Ovarian cancer is a hard-to-detect disease that claims many lives. Researchers at the Mayo Clinic Center for Individualized Medicine have found a promising new way to monitor and treat recurrence of ovarian cancer disease.
New research from George Vasmatzis, Ph.D., of the Department of Laboratory Medicine and Pathology at Mayo Clinic, finds liquid biopsies from blood tests and DNA sequencing can detect a return of ovarian cancer long before a tumor reappears. That could lead to earlier intervention and more effective, individualized treatment. Dr. Vasmatzis' research on the "Quantification of Somatic Chromosomal Rearrangements in Circulating Cell-free DNA From Ovarian Cancers" is published in the July 20 edition of Scientific Reports
‘Ovarian cancer has one of the highest death rates of all gynecological cancers, because the tumor often cannot be detected until the late stages. Most patients go into remission after initial treatment.’
"With liquid biopsies, we don't have to wait for tumor growth to get a DNA sample," says Dr. Vasmatzis. "This important discovery makes it possible for us detect recurrence of the disease earlier than other diagnostic methods. We can repeat liquid biopsies to monitor the progression of the cancer. That gives hope of a better treatment plan over time."
The study was done on 10 patients in advanced stages of ovarian cancer. Blood was drawn before and after surgery. Investigators compared DNA from the liquid blood biopsies to DNA tissue samples from the tumor, using mate-pair sequencing -- an inexpensive whole exome sequencing that can reveal genetic changes that contribute to tumor growth.
"In this study, the blood drawn before and after surgery and the surgical tissue was used to identify DNA fragments with abnormal junctions that can only be seen in this patient's tumor DNA," explains Dr. Vasmatzis. "Next-generation mate-pair sequencing was used to identify specific DNA changes of the tumor to create an individualized monitoring panel for liquid biopsy. This allows us to shape treatment to the individual patient rather than using a standard treatment that may not work for everyone."
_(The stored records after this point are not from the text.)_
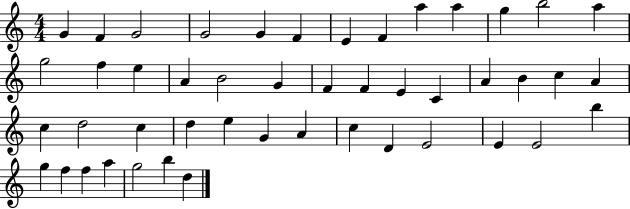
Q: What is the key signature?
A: C major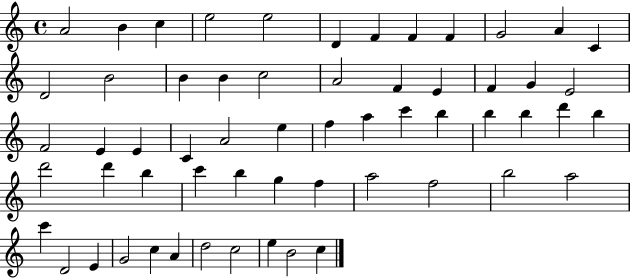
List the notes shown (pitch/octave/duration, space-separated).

A4/h B4/q C5/q E5/h E5/h D4/q F4/q F4/q F4/q G4/h A4/q C4/q D4/h B4/h B4/q B4/q C5/h A4/h F4/q E4/q F4/q G4/q E4/h F4/h E4/q E4/q C4/q A4/h E5/q F5/q A5/q C6/q B5/q B5/q B5/q D6/q B5/q D6/h D6/q B5/q C6/q B5/q G5/q F5/q A5/h F5/h B5/h A5/h C6/q D4/h E4/q G4/h C5/q A4/q D5/h C5/h E5/q B4/h C5/q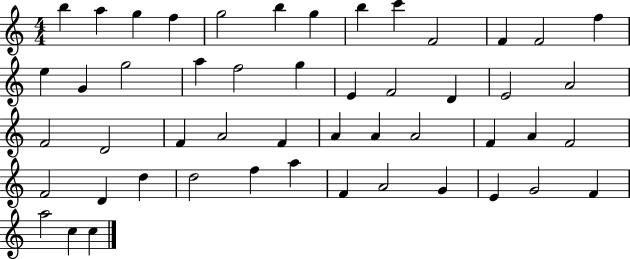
X:1
T:Untitled
M:4/4
L:1/4
K:C
b a g f g2 b g b c' F2 F F2 f e G g2 a f2 g E F2 D E2 A2 F2 D2 F A2 F A A A2 F A F2 F2 D d d2 f a F A2 G E G2 F a2 c c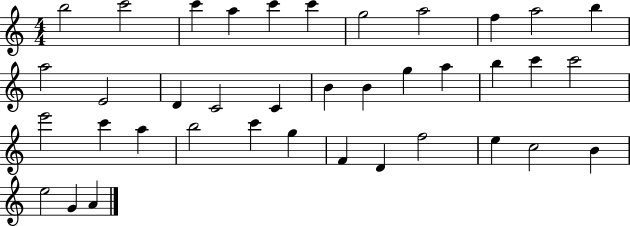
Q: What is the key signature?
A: C major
When post-surgery DNA matched that of the tumor, patients were later found to have had a recurrence of ovarian cancer. However, when the post-surgery DNA did not match the DNA of the tumor, patients were found to be in remission.
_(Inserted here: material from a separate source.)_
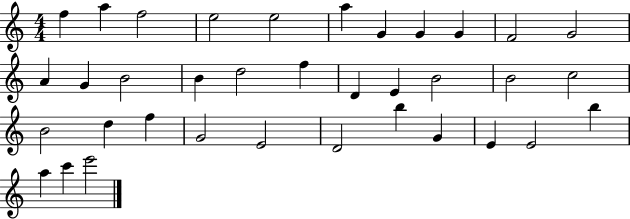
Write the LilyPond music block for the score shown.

Ovarian cancer has one of the highest death rates of all gynecological cancers, because the tumor often cannot be detected until the late stages. Most patients go into remission after initial treatment, but the tumor returns 75 percent of the time. The next stage of ovarian cancer that develops typically does not respond to chemotherapy. More than 21,000 women in the U.S. were diagnosed with ovarian cancer, and 14,000 women died of the disease in 2015.